Please note that authentication is recommended but still optional to access public models or datasets.


config.json:   0%|          | 0.00/693 [00:00<?, ?B/s]

The `load_in_4bit` and `load_in_8bit` arguments are deprecated and will be removed in the future versions. Please, pass a `BitsAndBytesConfig` object in `quantization_config` argument instead.


model.safetensors:   0%|          | 0.00/6.01G [00:00<?, ?B/s]

tokenizer_config.json:   0%|          | 0.00/227 [00:00<?, ?B/s]

tokenizer.json:   0%|          | 0.00/14.5M [00:00<?, ?B/s]

special_tokens_map.json:   0%|          | 0.00/85.0 [00:00<?, ?B/s]

##### View Model Summary

In [4]:
print(model)

BloomForCausalLM(
  (transformer): BloomModel(
    (word_embeddings): Embedding(250880, 2560)
    (word_embeddings_layernorm): LayerNorm((2560,), eps=1e-05, elementwise_affine=True)
    (h): ModuleList(
      (0-29): 30 x BloomBlock(
        (input_layernorm): LayerNorm((2560,), eps=1e-05, elementwise_affine=True)
        (self_attention): BloomAttention(
          (query_key_value): Linear8bitLt(in_features=2560, out_features=7680, bias=True)
          (dense): Linear8bitLt(in_features=2560, out_features=2560, bias=True)
          (attention_dropout): Dropout(p=0.0, inplace=False)
        )
        (post_attention_layernorm): LayerNorm((2560,), eps=1e-05, elementwise_affine=True)
        (mlp): BloomMLP(
          (dense_h_to_4h): Linear8bitLt(in_features=2560, out_features=10240, bias=True)
          (gelu_impl): BloomGelu()
          (dense_4h_to_h): Linear8bitLt(in_features=10240, out_features=2560, bias=True)
        )
      )
    )
    (ln_f): LayerNorm((2560,), eps=1e-05, elemen

In [5]:
for param in model.parameters():
  param.requires_grad = False
  if param.ndim == 1:
    param.data = param.data.to(torch.float32)

model.gradient_checkpointing_enable()
model.enable_input_require_grads()

class CastOutputToFloat(nn.Sequential):
  def forward(self, x): return super().forward(x).to(torch.float32)
model.lm_head = CastOutputToFloat(model.lm_head)

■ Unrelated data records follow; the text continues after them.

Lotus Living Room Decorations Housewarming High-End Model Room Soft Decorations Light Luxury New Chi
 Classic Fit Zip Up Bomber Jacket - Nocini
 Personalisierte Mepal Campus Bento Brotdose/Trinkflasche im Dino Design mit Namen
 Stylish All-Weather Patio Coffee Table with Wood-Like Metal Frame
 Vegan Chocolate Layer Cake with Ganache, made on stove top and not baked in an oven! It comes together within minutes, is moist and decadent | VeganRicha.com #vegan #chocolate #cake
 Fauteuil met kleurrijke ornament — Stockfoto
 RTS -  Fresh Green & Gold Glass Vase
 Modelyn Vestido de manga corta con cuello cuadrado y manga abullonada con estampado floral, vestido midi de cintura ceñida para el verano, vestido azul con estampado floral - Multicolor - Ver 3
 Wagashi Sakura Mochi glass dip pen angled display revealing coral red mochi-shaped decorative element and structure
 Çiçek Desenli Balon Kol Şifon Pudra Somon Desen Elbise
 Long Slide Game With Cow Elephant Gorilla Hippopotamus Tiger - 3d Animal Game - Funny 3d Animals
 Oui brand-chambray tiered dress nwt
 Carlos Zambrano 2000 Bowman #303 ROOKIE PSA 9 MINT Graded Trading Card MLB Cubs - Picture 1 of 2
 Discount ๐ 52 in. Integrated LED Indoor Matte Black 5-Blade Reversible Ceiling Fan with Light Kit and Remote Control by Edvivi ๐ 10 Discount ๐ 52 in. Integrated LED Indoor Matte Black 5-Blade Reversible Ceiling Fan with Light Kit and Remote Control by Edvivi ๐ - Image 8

# Helper Function to print trainable parameters

In [6]:
def print_trainable_parameters(model):
    trainable_params = 0
    all_param = 0
    for _, param in model.named_parameters():
        all_param += param.numel()
        if param.requires_grad:
            trainable_params += param.numel()
    print(
        f"trainable params: {trainable_params} || all params: {all_param} || trainable%: {100 * trainable_params / all_param}"
    )

# Obtain LoRA Model

In [7]:
from peft import LoraConfig, get_peft_model

config = LoraConfig(
    r=8,
    lora_alpha=16,
    target_modules=["query_key_value"],
    lora_dropout=0.05,
    bias="none",
    task_type="CAUSAL_LM"
)

model = get_peft_model(model, config)
print_trainable_parameters(model)

trainable params: 2457600 || all params: 3005015040 || trainable%: 0.08178328451893539


# Load Dataset

In [11]:
import pandas as pd
dataset = pd.read_csv("hf://datasets/s-nlp/paradetox/train.tsv", sep="\t")
dataset

Unnamed: 0,en_toxic_comment,en_neutral_comment
0,he had steel balls too !,he was brave too!
1,"dude should have been taken to api , he would ...",It would have been good if he went to api. He ...
2,"im not gonna sell the fucking picture , i just...","I'm not gonna sell the picture, i just want to..."
3,the garbage that is being created by cnn and o...,the news that is being created by cnn and othe...
4,the reason they dont exist is because neither ...,The reason they don't exist is because neither...
...,...,...
19739,when they do shit like this .,when they do stuff like this
19740,"but if saying "" fuck that group "" is much more...","but if saying"" that group is bad"" is much more..."
19741,"it hurts how judgemental assholes view them , ...",It hurts how judgemental that people view them...
19742,shit we probably literally blow that up in a w...,We probably litteralky blow that up in a week.


In [20]:
from sklearn.model_selection import train_test_split
from datasets import Dataset

# Split the dataset into training and testing sets
train_df, test_df = train_test_split(dataset, test_size=0.01, random_state=42)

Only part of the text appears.